Et utiliser les outils existants, c’est également recourir encore davantage à la « respiration contractuelle » qu’est la clause de revoyure ou de réexamen, mais aussi aux modes alternatifs de règlement amiable des litiges qui permettent avec une efficacité de plus en plus reconnue d’éviter des contentieux souvent longs et dont l’utilité reste souvent à prouver.
Valoriser un tel patrimoine passe d’abord par la case de sa connaissance. Déterminer ce qui relève du domaine public ou du domaine privé en fonction de l’affectation des biens, différencier les biens meubles et immeubles, le bâti et le non bâti, et plus généralement la propriété publique ou non de tel ou tel terrain ou équipement.
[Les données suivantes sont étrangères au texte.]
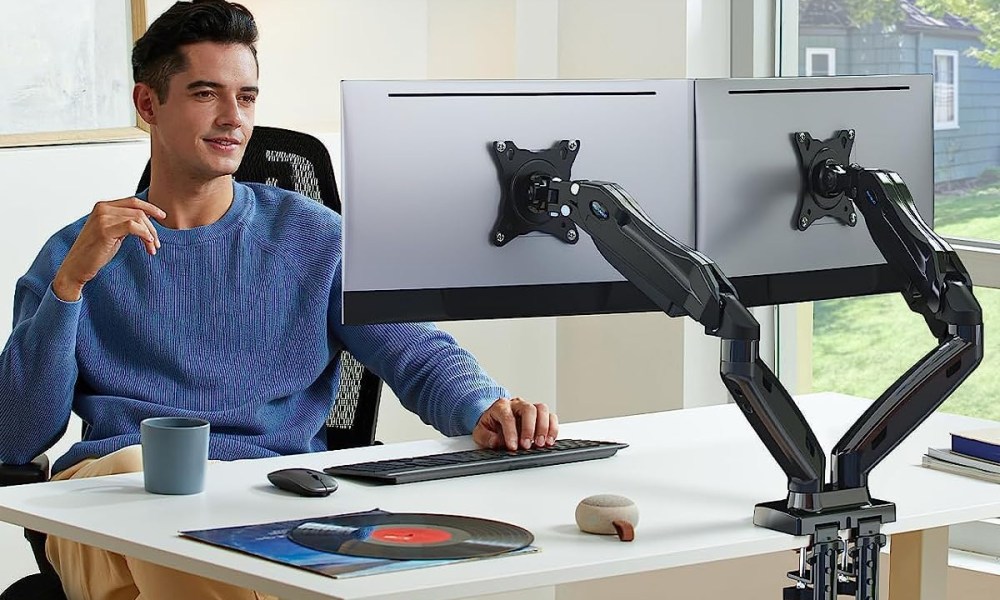 Man using dual monitor arms on his desk.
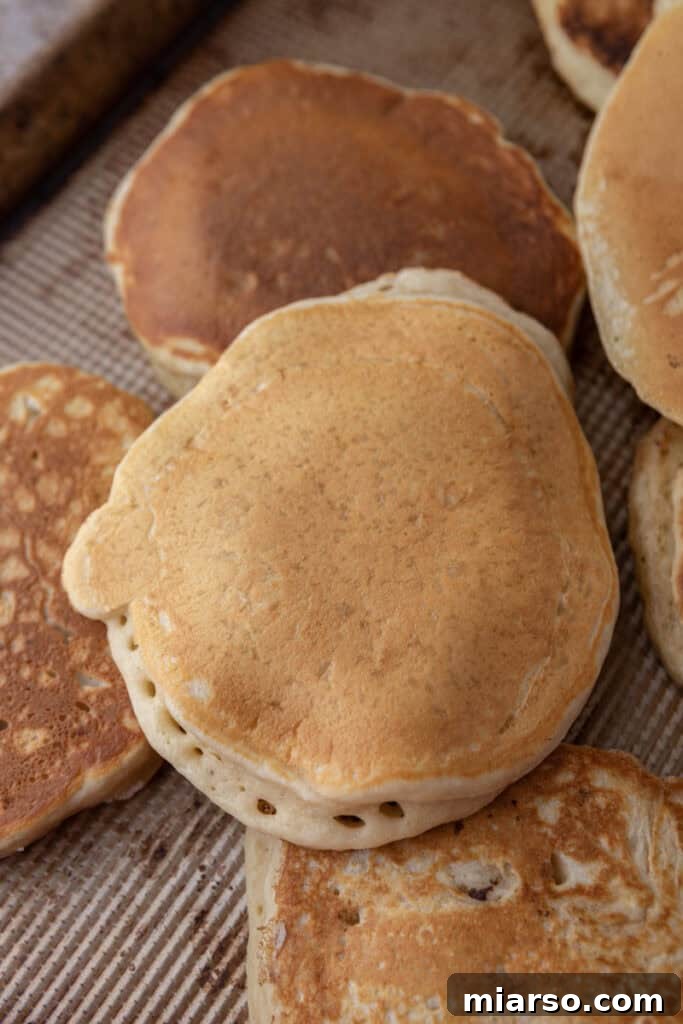 Freshly cooked sourdough discard pancakes stacked on a plate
De telles déterminations apparaissent évidentes vu de l’extérieur mais les audits patrimoniaux menés ici et là au sein de structures publiques comme les collectivités locales, les établissement de santé et de retraite mais aussi les services tant centralisés que déconcentrés de l’État en passant, là encore sans être exhaustif, par les établissements scolaires et universitaires où la méconnaissance patrimoniale est souvent criante. Et pourtant, une telle maîtrise patrimoniale revêt bien des atouts: rationalisation des charges d’entretien et de maintenance, renforcement des performances énergétiques des équipements et de leur coût global dans le temps, valorisation financière et élaboration de stratégies de gestion, d’occupation et de cession... le patrimoine des collectivités publiques peut ainsi être un formidable levier financier pour leurs investissements - par exemple en faveur du développement durable -, levier encore trop méconnu à ce jour alors qu’il est assez aisé à mettre en œuvre dans le cadre de l’élaboration de schémas directeurs immobiliers.
S’agissant plus particulièrement de la cession, certains responsables de collectivités semblent avoir du mal à en accepter l’idée. Il peut pourtant s’agir là encore d’un levier financier très efficace dans le cadre tant d’opération sous forme de partenariat public-privé du type concessions- surtout si elles comprennent un volet réalisation d’un programme immobilier annexe- ou de marché global de performance.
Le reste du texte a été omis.